1983年頃(私が25才の頃)の昔の話になるが、当時勤めていた印刷会社の社長から1つのミッションを与えられた。
その頃はアナログの時代で、印刷原版「刷版」の製作には「フィルム」が用いられていた。アルミ版の「刷版」は使い捨てなので、再版(リピート)に備えて「フィルム」を大きな袋に入れて保管していた。レントゲンフィルムを立てかけて棚に入れておくイメージ。(といっても、レントゲンフィルも無くなったので、若い人にはイメージできないね)
新聞紙くらいの大きなクラフト紙袋が大量にあることをイメージ下さい。

この袋の管理には識別番号(得意先コード+連番)が記されていて、その番号順に収納されていました。
この方式には問題があり、誤った場所に収納したが最後、行方不明になります。しかも誤挿入に気がつくのはリピート受注の使いたい時。
大量の収納庫から一枚一枚を確認して探し出すことは現実的ではないので、改めて写植して版下を作ってフィルム撮影することになります。
リピート品なので営業は納期を短めに約束してあるので現場が混乱するのとコストアップ、しかも作り直すときに誤植があったりしました。
お客さんにしてみれば「前回と同じものを印刷してくれ!」と言ってるのに、文字が誤った印刷物が届くのでビックリどころか、信頼を失墜させる出来事でした。(そりゃそうだ)
業を煮やした社長が「この状況をなんとかせい!」と、私への特命でした。


「コード順をやめよう」と発想しました。
一枚一枚のコードを調べ100%正確に棚に戻すのは人間では無理。
絶対に間違えようがない仕組みにしよう

収納する日単位にでひと塊に棚にして戻そう。(1日あたり100枚程度だったので、その中ではコード順にする。並び間違えがあっても、その日分をチェックしても短時間で済む)
つまり「コード順」を「日付順」へ切り替え

問題は必要とするフィルムがどの「返却日」ゾーンに入っているかを知るかです。
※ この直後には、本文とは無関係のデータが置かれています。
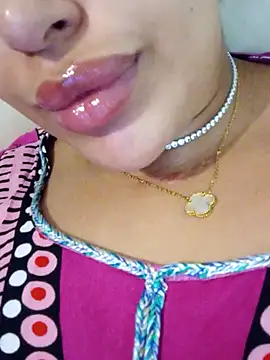 Sexlove1xo online show from June 26, 5:39 pm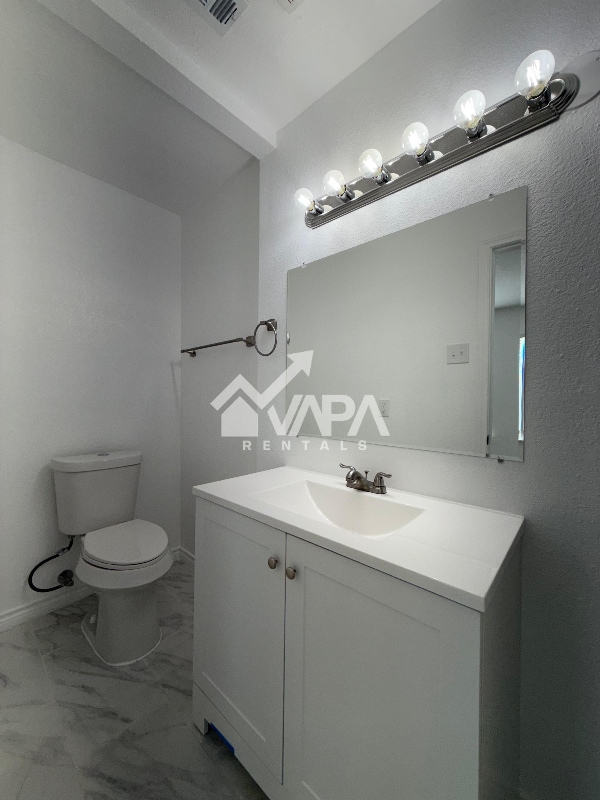 Photo - 202 Florencia Ave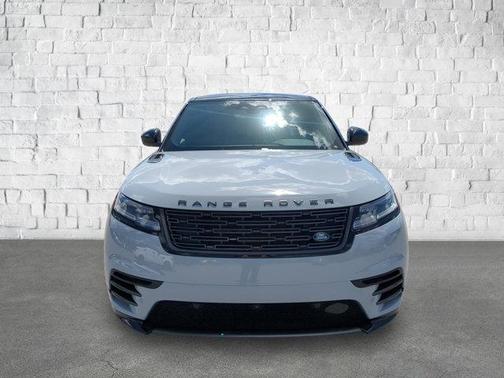 2026 Land Rover Range Rover Velar P250 SE R-Dynamic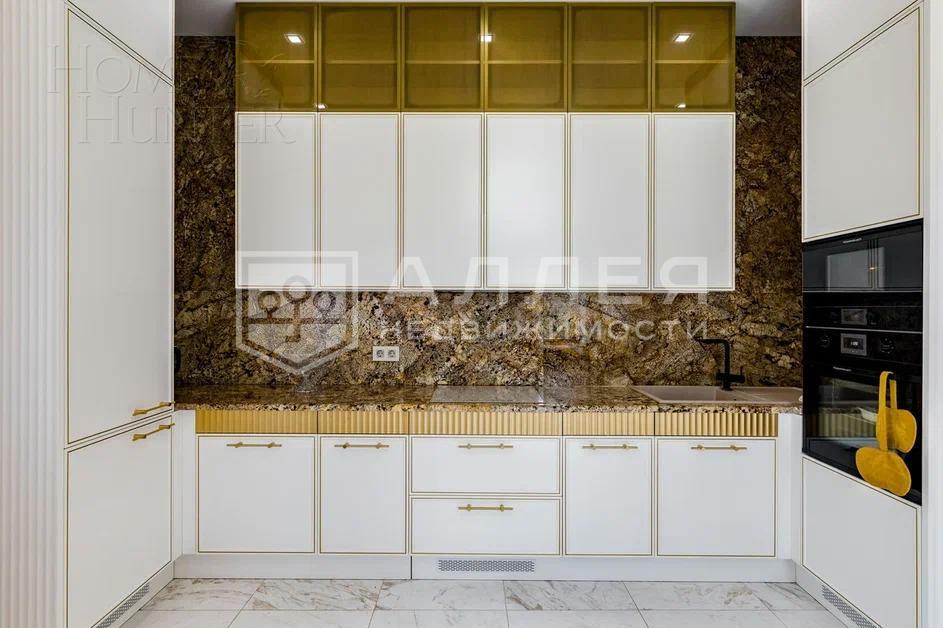 3-этажный коттедж 615 м² с отделкой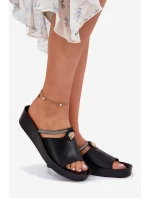 Kožené Dámské Pantofle S Ozdobným Páskem model 21698290 Černé - S.Barski Kožené Dámské Pantofle S Ozdobným Páskem model 21698290 Černé - S.Barski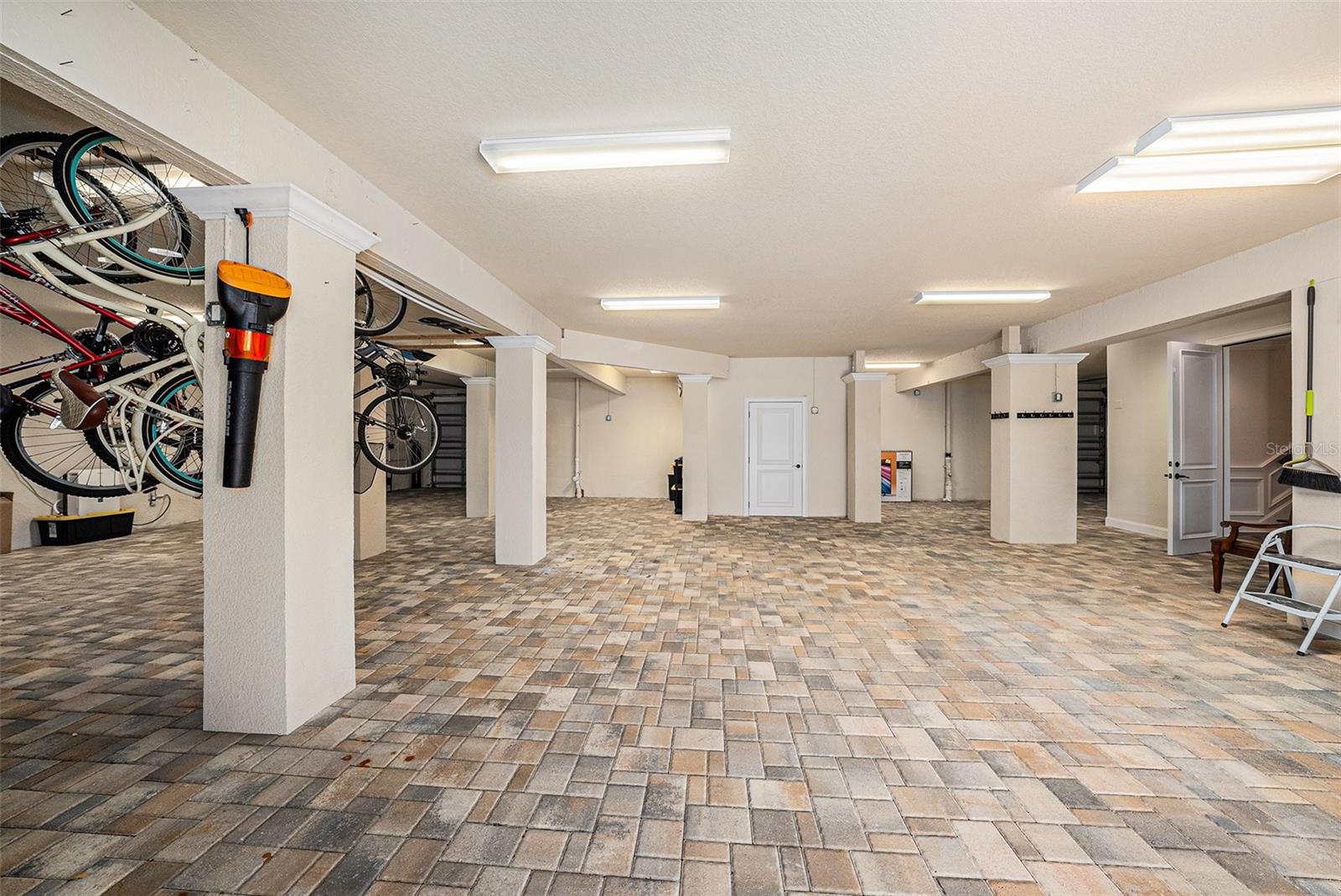 TB8431098 Property Photo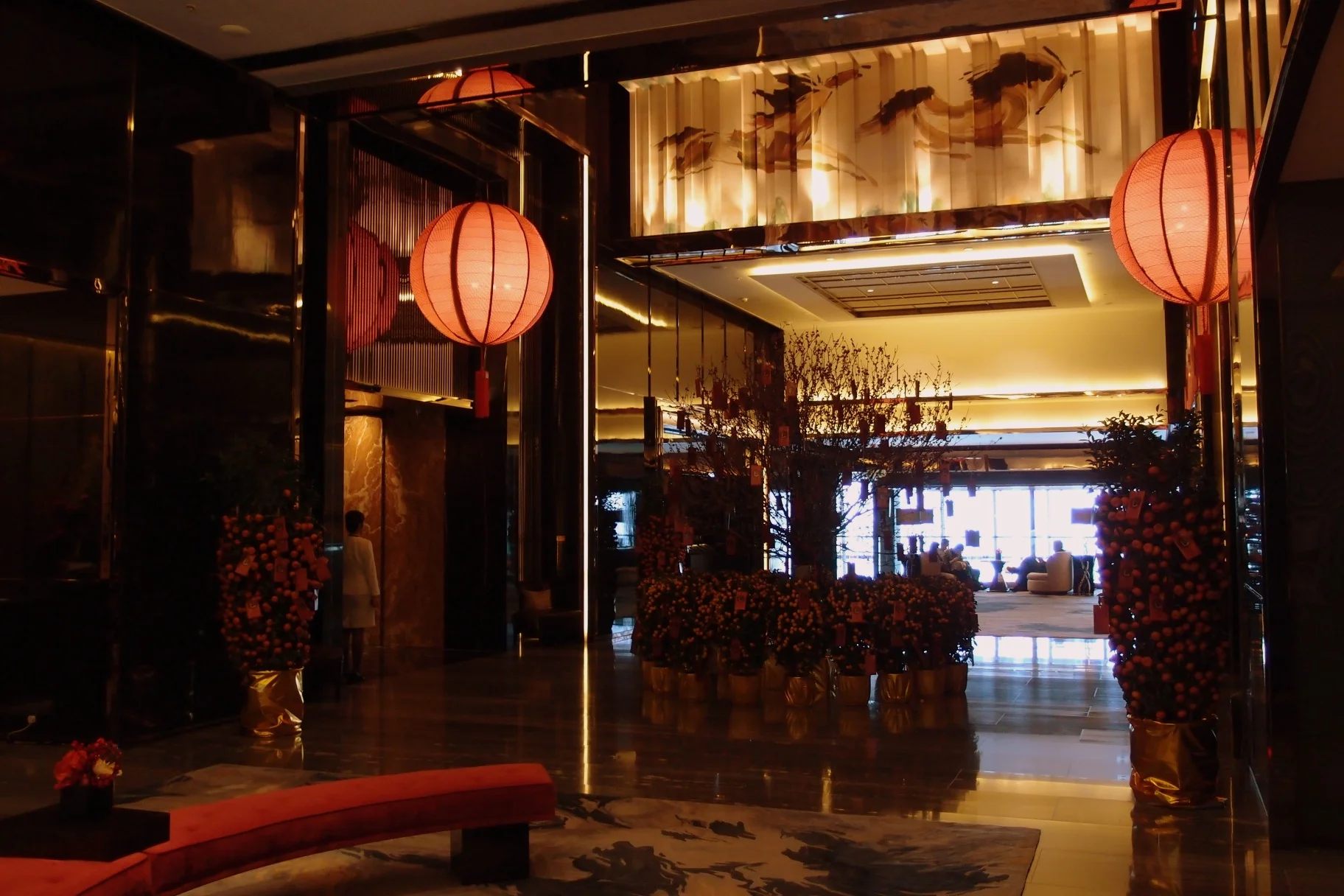 J3 Private Tours Hong Kong | J3 Private Walking Tours Hong Kong The Ritz Carlton Hotel Lobby 103rd floor!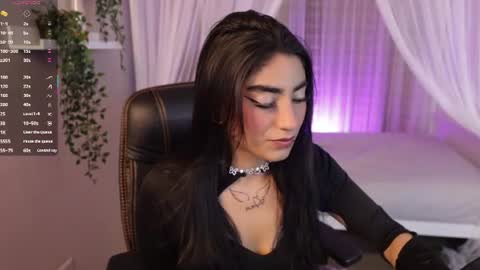 Snapshot of emma_lirys chatting on 06/25/26, 10:03 Emma online show from 06/25/26, 10:03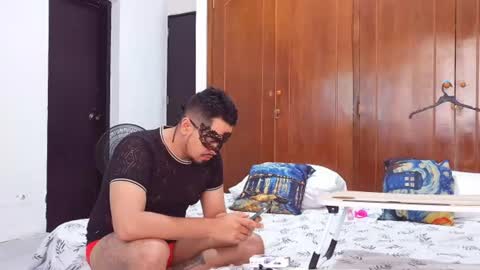 faryzuir online show from June 20, 6:33 pm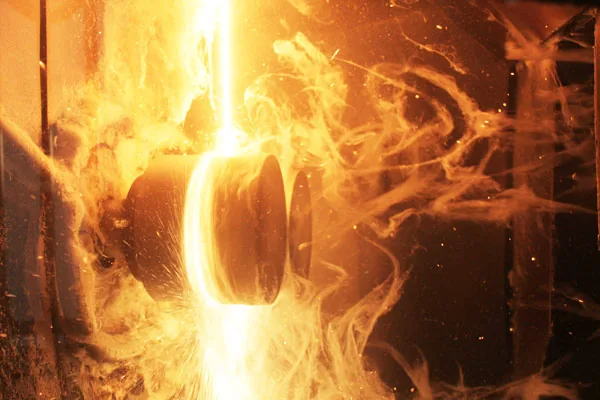 Electric arc melting furnace for fiber production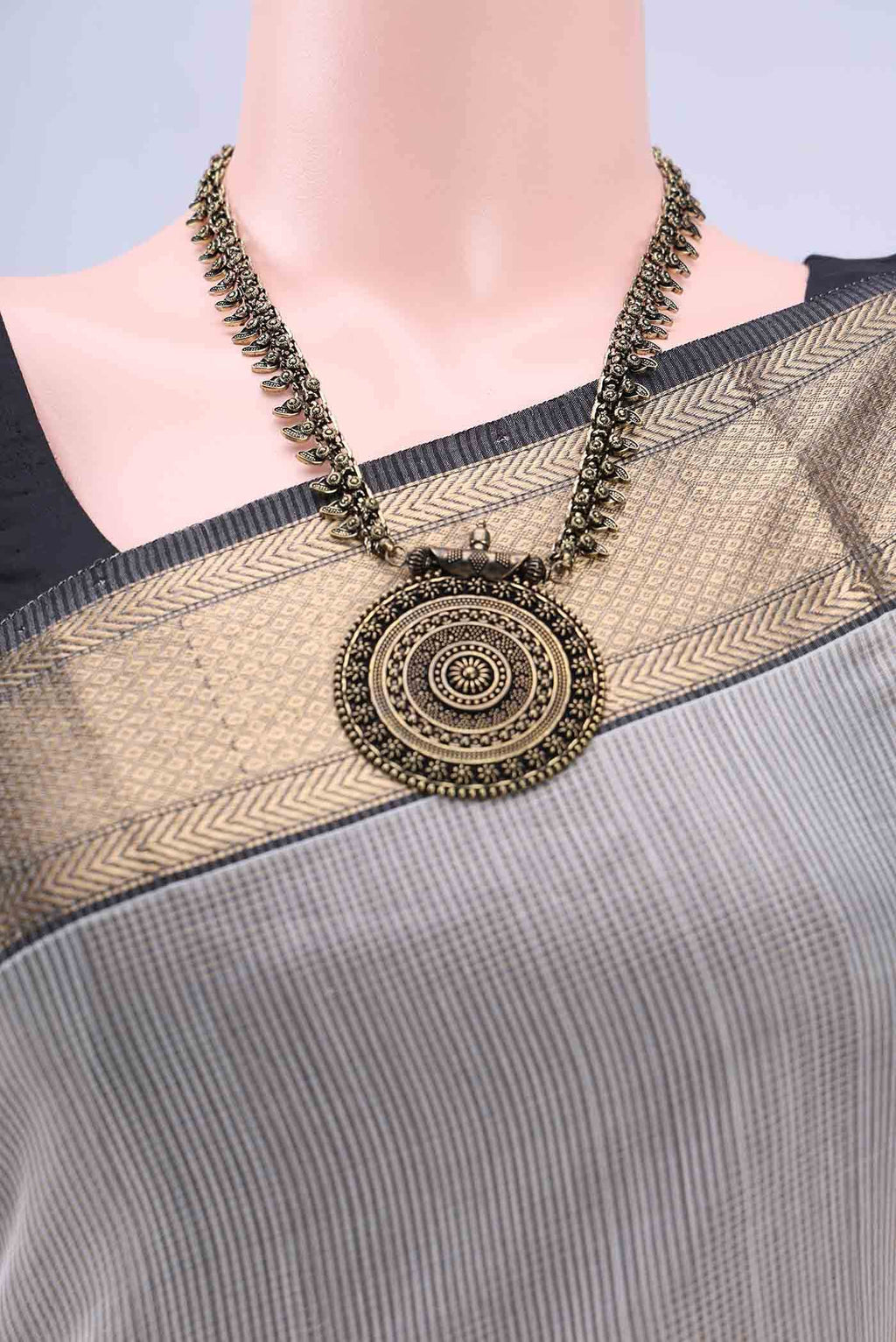 Off White Maheshwari Silk Saree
当時はパーソナルコンピューター(NEC:PC9801)とバーコードの仕組みが世の中に普及し始めていた時期でした。
フィルム袋にバーコードを貼って管理コードと関係付ける。
収納する際バーコードを読み、読取日付を収納日とする。
シンプルでしょ。

行方不明がゼロになったのと、収納にかかる時間が激減しました。
イノベーションですね。^o^

その後、野口悠紀雄さんの「整理法」なる本が出てきて、分類せずに時間軸だけで並べる考え方を読んで、あぁ自分と同じことを書いていると思ったものです。

新しい技術が出てきたら、今までのやり方を切り替えるチャンスですね。
図書館の書棚を見ながら思い出しました。